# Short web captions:
'''

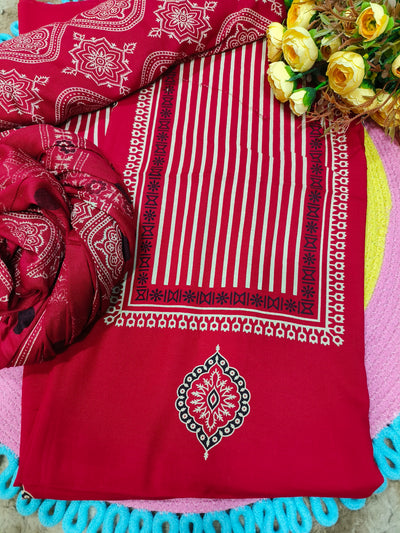 Vibrant Red Striped Cotton Unstitched Salwar Suit Set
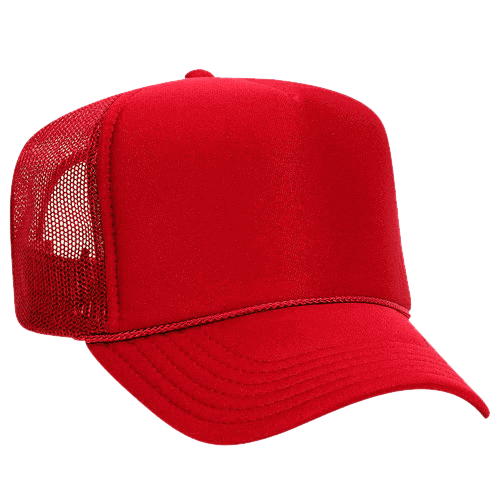Otto Cap 5 Panel High Crown Mesh Back Trucker Hat Polyester Foam Front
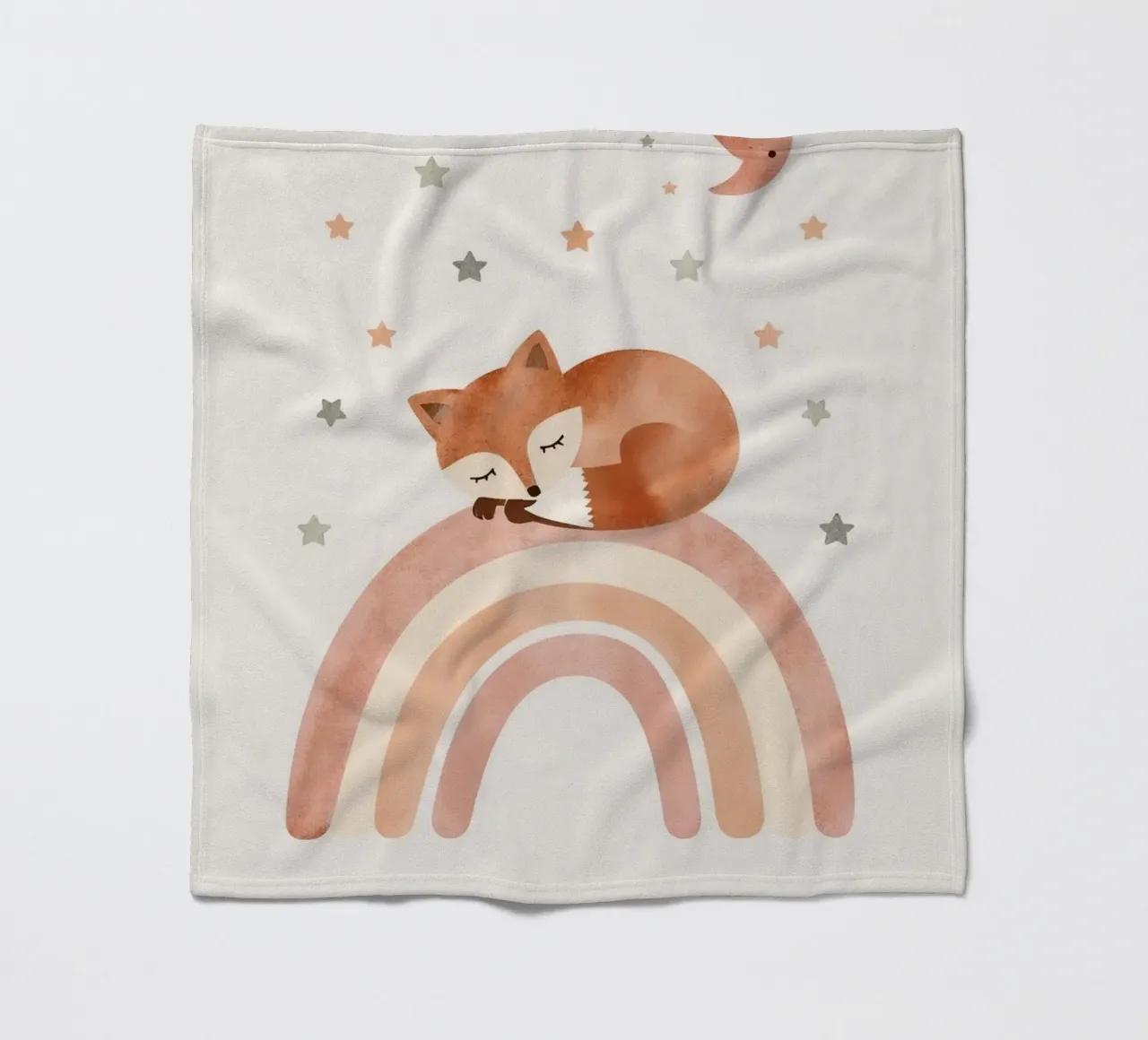 Simpatica volpe addormentata sull'arcobaleno con elementi celestiali coperta in pile da DesignDoodle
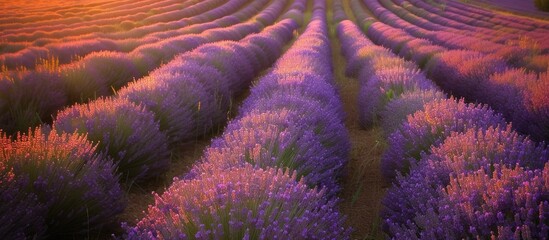 A vast field of lavender flowers is illuminated by the warm hues of a setting summer sun in the background. The rows of lavender stretch out elegantly, creating a picturesque scene under the vibrant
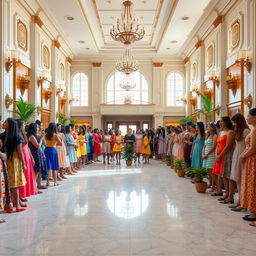 A wide and spacious hall filled with decorative elements, where many girls of diverse backgrounds are standing together on both sides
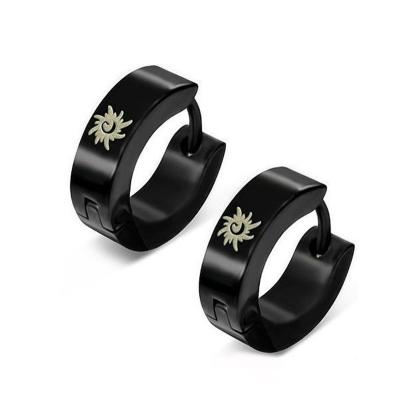 China Circle Earring Noble Black Stainless Steel Magnetic Hoop Earrings For Men for sale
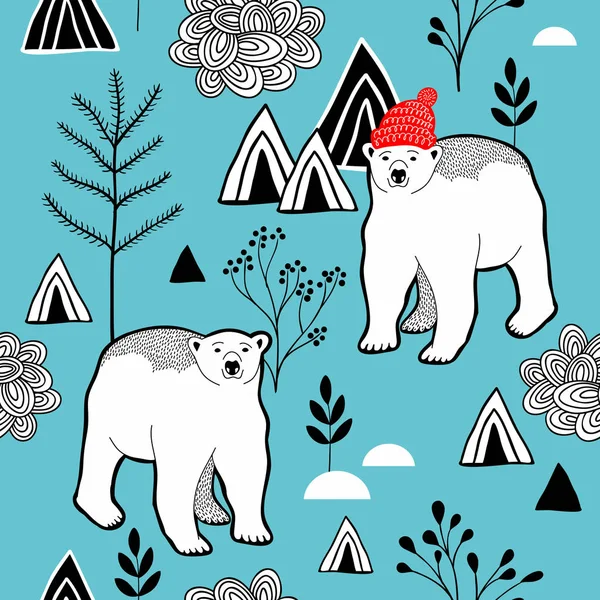 Motif sans couture avec des ours blancs — Image vectorielle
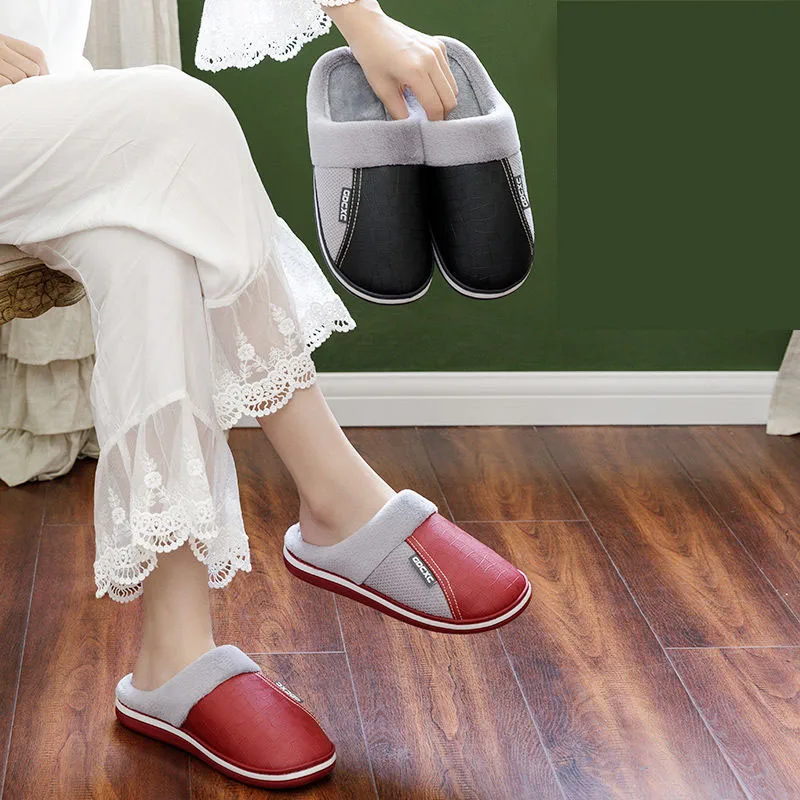 Winter slippers men large size soft non-slip warm home slippers for men plush waterproof leather slippers 2020 new
Winter slippers men large size soft non-slip warm home slippers for men plush waterproof leather slippers 2020 new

'''

# What needs to be done:
Each record above needs to be copied exactly, with images left out.

# Written answer:
 Vibrant Red Striped Cotton Unstitched Salwar Suit Set
Otto Cap 5 Panel High Crown Mesh Back Trucker Hat Polyester Foam Front
 Simpatica volpe addormentata sull'arcobaleno con elementi celestiali coperta in pile da DesignDoodle
 A vast field of lavender flowers is illuminated by the warm hues of a setting summer sun in the background. The rows of lavender stretch out elegantly, creating a picturesque scene under the vibrant
 A wide and spacious hall filled with decorative elements, where many girls of diverse backgrounds are standing together on both sides
 China Circle Earring Noble Black Stainless Steel Magnetic Hoop Earrings For Men for sale
 Motif sans couture avec des ours blancs — Image vectorielle
 Winter slippers men large size soft non-slip warm home slippers for men plush waterproof leather slippers 2020 new
Winter slippers men large size soft non-slip warm home slippers for men plush waterproof leather slippers 2020 new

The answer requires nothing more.